The task force, a non-decisional entity, will facilitate coordination and communication in a partnership between BOEM and state, local, and tribal governments and federal agencies concerning potential renewable energy leasing for research activities and commercial development on federal submerged lands on the outer continental shelf (OCS) offshore of California.

“While offshore renewable energy resources have not yet played a significant role in California’s energy system, they present important potential future opportunities,” Governor Brown said in his letter to Secretary Jewell. “There are significant offshore resources along most of California’s coast that complement the profile of onshore solar resources and new developments in offshore wind technology — such as larger facilities that are not visible from land and present little to no adverse avian impacts — that will likely make projects more viable.”

According to BOEM Director Abigail Ross Hopper, working closely with stakeholders will allow the BOEM to identify and address issues relating to future offshore renewable energy leasing and development in a way that supports California’s clean energy goals.

In April 2009, the Obama Administration announced the final framework for renewable energy development on the OCS. This framework establishes the process the BOEM uses for granting leases, easements and rights-of-way for offshore renewable energy development activities, such as the siting and construction of facilities on the OCS. The framework also allows for BOEM to use task forces in carrying out its responsibilities for authorizing OCS renewable energy activities.

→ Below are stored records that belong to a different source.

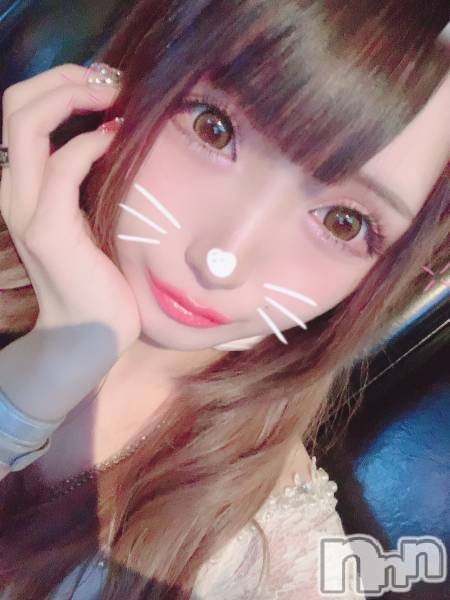 ��ë����Х��顦�����CLUB��Paladin(����֡��ѥ�ǥ���) �� 2021ǯ11��3���̥�֥�����Paladin�����⸵���˱ĶȤ��Ƥ���ޤ�✨��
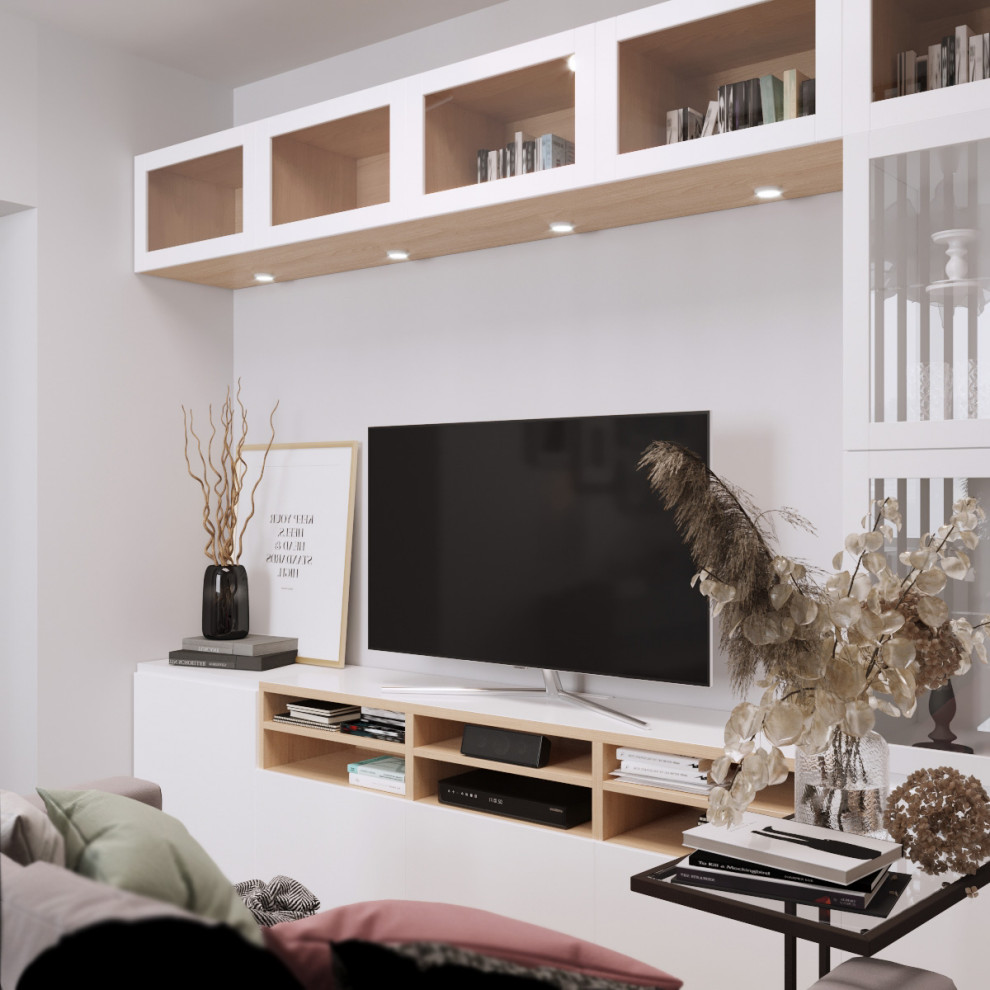 ЖК "Весна", г.Пенза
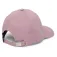 Volcom Gorra Full Stone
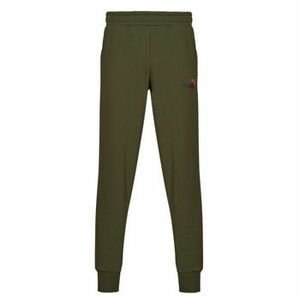 Futónadrágok / Melegítők Puma ESS+ 2 COL LOGO PANTS FL CL kép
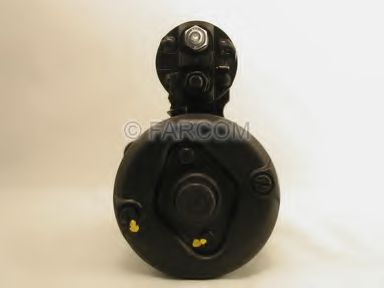 FARCOM 103574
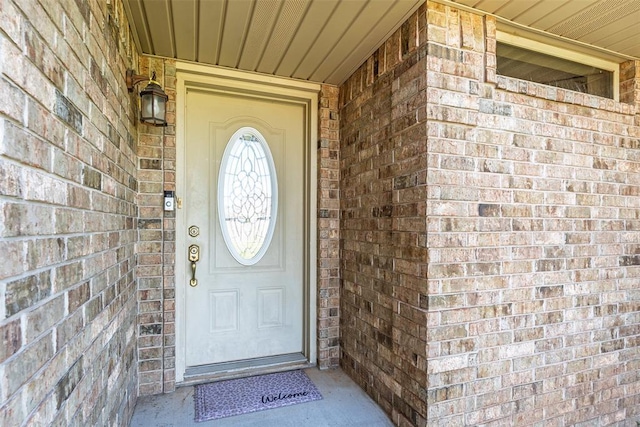 410 SE 7th St, Lexington, OK 73051 - photo 2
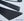 2005-2006 Range Rover Real Carbon Fiber Dash Trim Kit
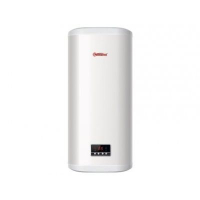 Водонагреватель THERMEX FSS 80V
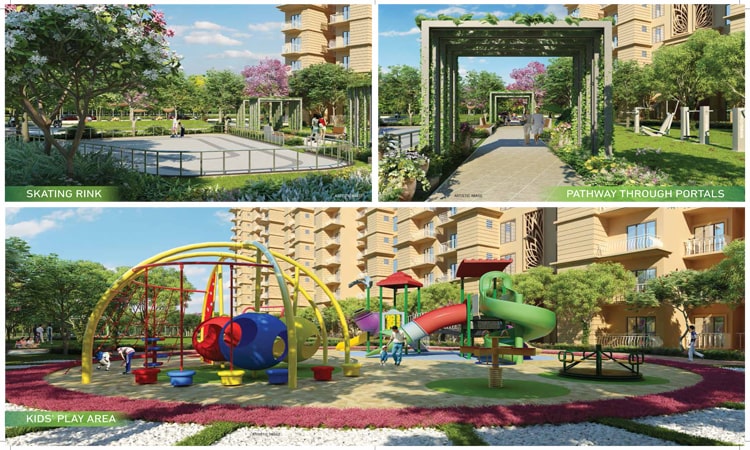 Wal Verde 92 - Image 2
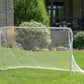 Soccer Goal 6' x 3'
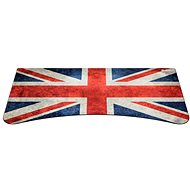 AROZZI Arena Deskpad Flags D038 - Mouse Pad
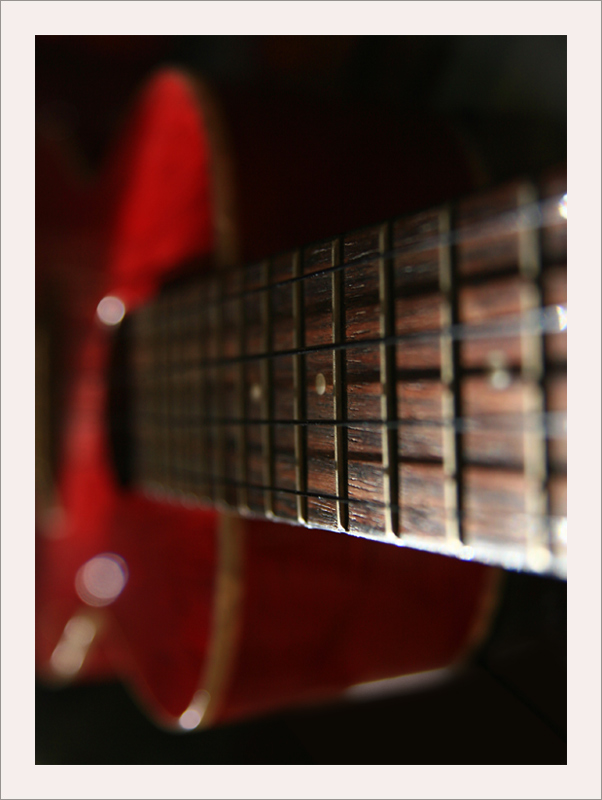 Uke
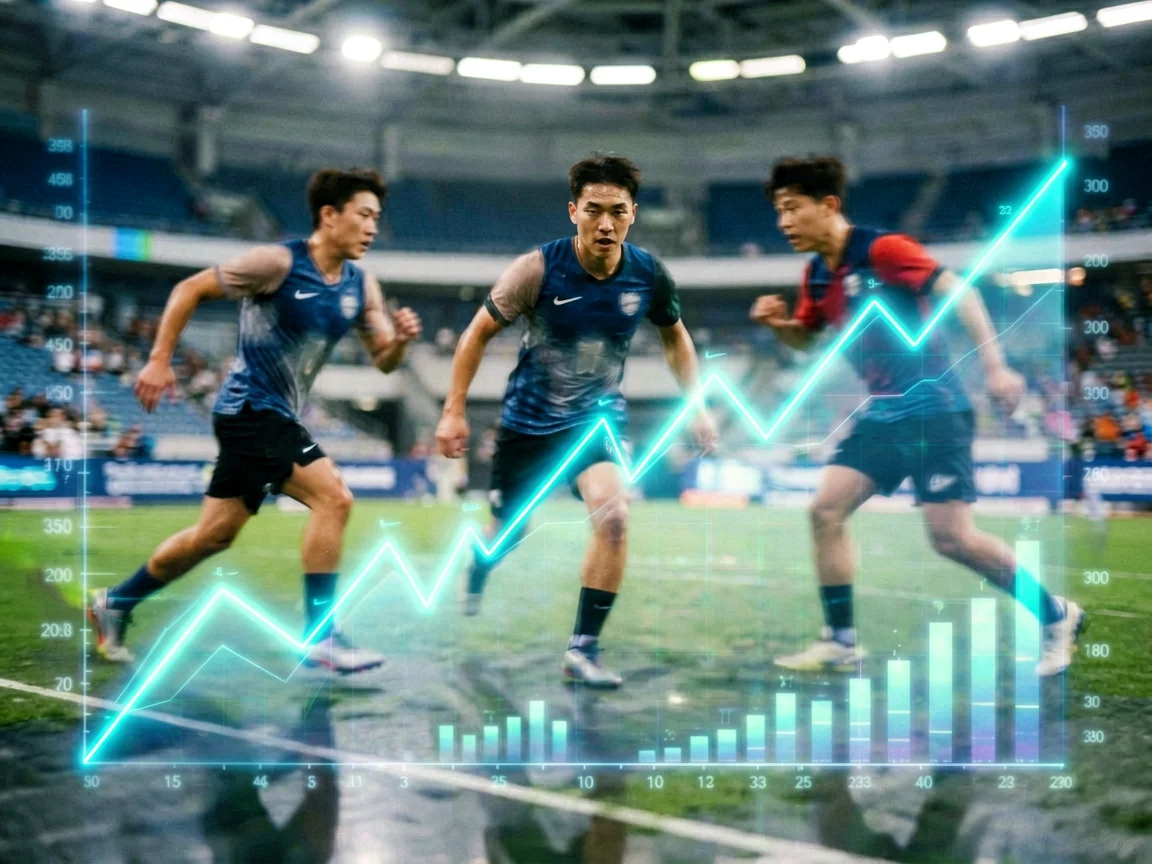 哈维西蒙斯冲击金球奖最新动态赛场表现成关键参考指标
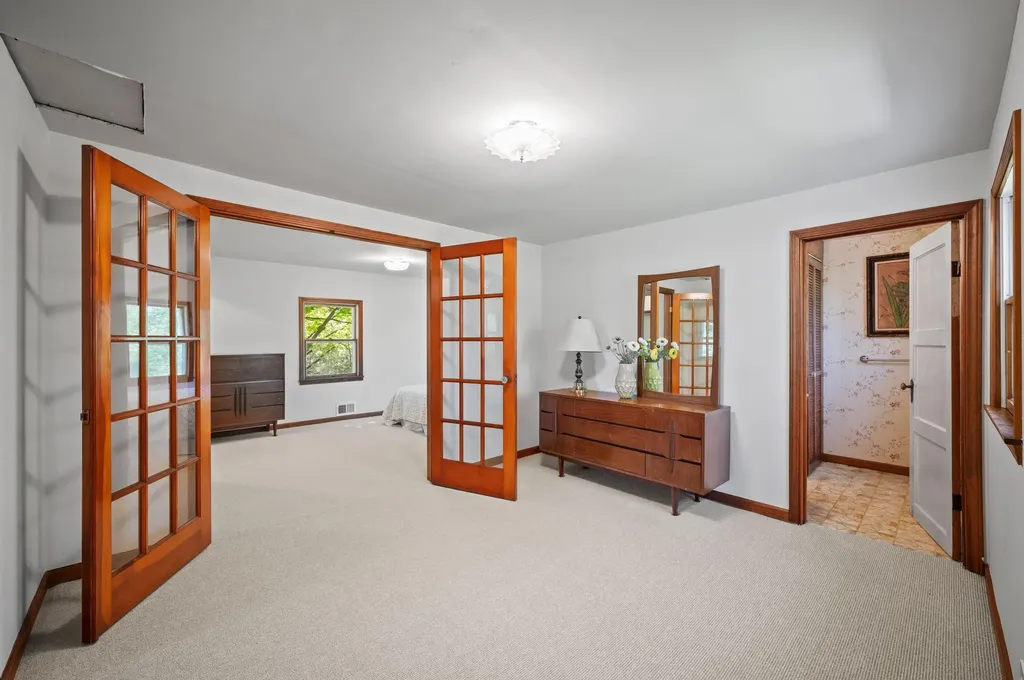 8498 Lake Road Berrien Township MI 49102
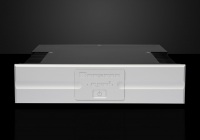 Усилители мощности Bryston 2.5B-3 Усилители мощности Bryston 2.5B-3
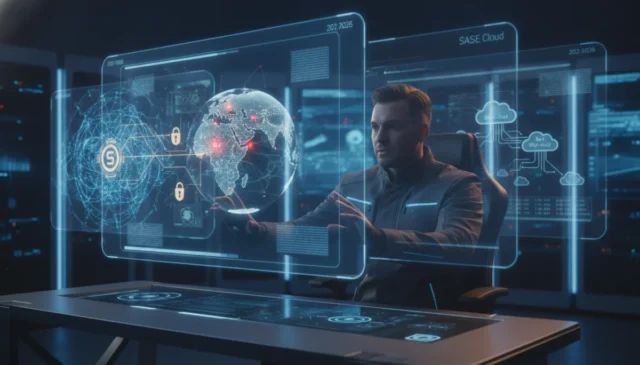 Beyond-Prevention-Building-a-Resilient-Cybersecurity-Framework-for-2026.jpg Beyond Prevention: Building a Resilient Cybersecurity Framework for 2026
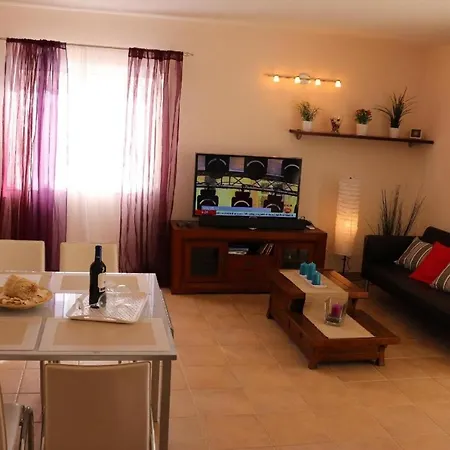 펜션 Ferienhaus Fur 5 Personen Ca 120 M In Callao Salvaje, Teneriffa Westkuste Von Teneriffa 칼라오살바헤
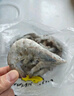 万景 北海青虾饼240g/盒(6饼) 虾含量95% 儿童早餐 虾排早餐烧烤食材 实拍图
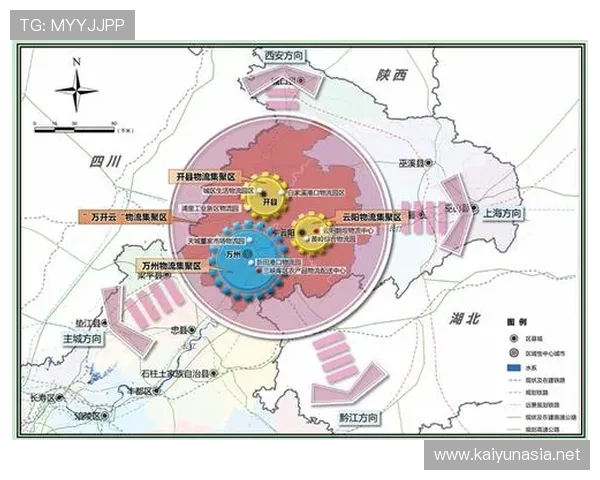 开云网中国：开云集团在中国的战略布局与未来规划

The BOEM has established intergovernmental renewable energy task forces for 13 other coastal states, which will provide critical information for the decision-making process, including how to resolve potential conflicts between development and environmental concerns and other uses. The offshore wind roundtable also offered participants an unique opportunity for multilateral engagement and sharing experiences in marine-based wind research and development.

According to the National Renewable Energy Laboratory (NREL), areas of the west coast of the United States (including Hawaii) hold great renewable energy potential. In particular, these areas have the potential to generate over 1.5 TW of offshore wind energy. This potential presents a compelling market opportunity that would assist states in meeting many of their ambitious and critically important renewable energy goals.